▸ **YOUR ASSIGNMENT**
Transcribe every line of the material below exactly, leaving out the pictures.

▸ **DATASET EXTRACT**
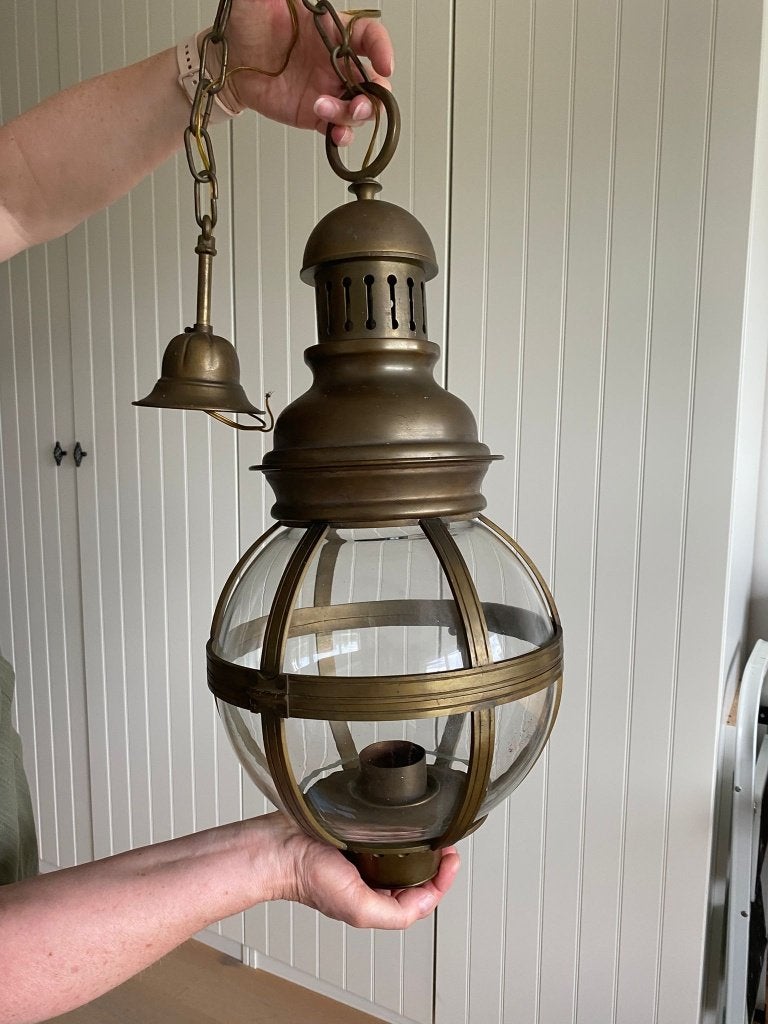 Vintage massief messing hanglamp, Ophalen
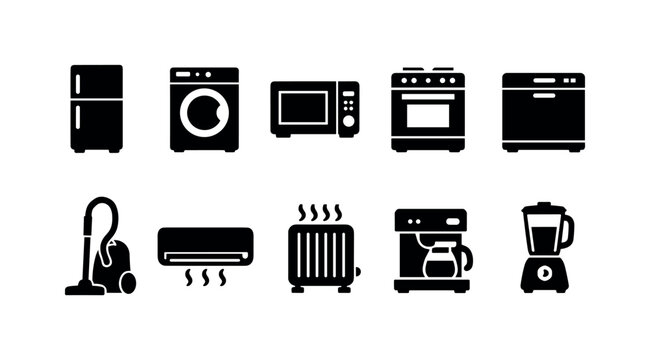 Home appliances solid icon set. Kitchen and laundry appliance symbols collection
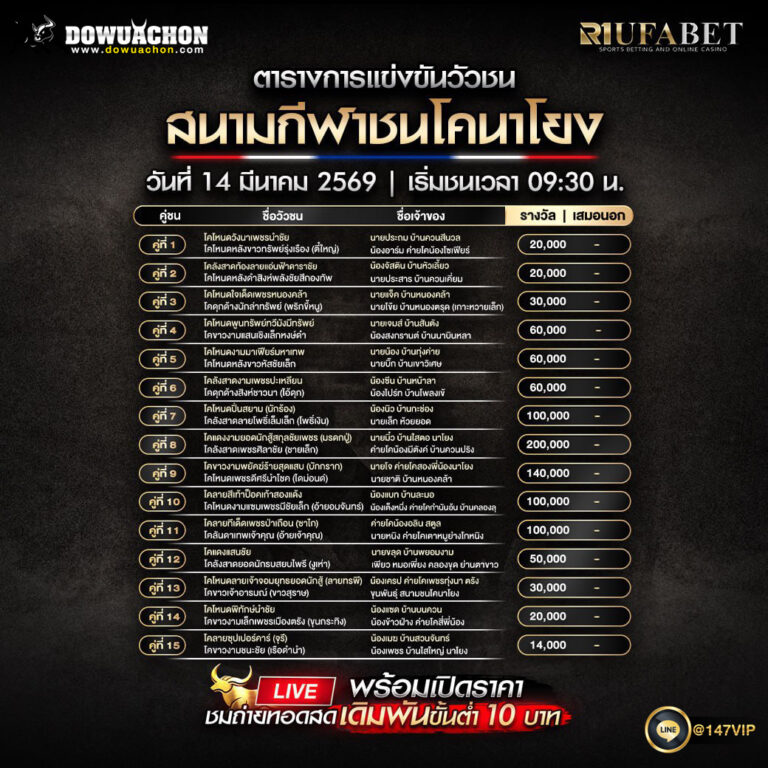 ตารางวัวชน 14-3-69 สนามกีฬาชนโคนาโยง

▸ **RESPONSE TO THIS TASK**
 Vintage massief messing hanglamp, Ophalen
 Home appliances solid icon set. Kitchen and laundry appliance symbols collection
 ตารางวัวชน 14-3-69 สนามกีฬาชนโคนาโยง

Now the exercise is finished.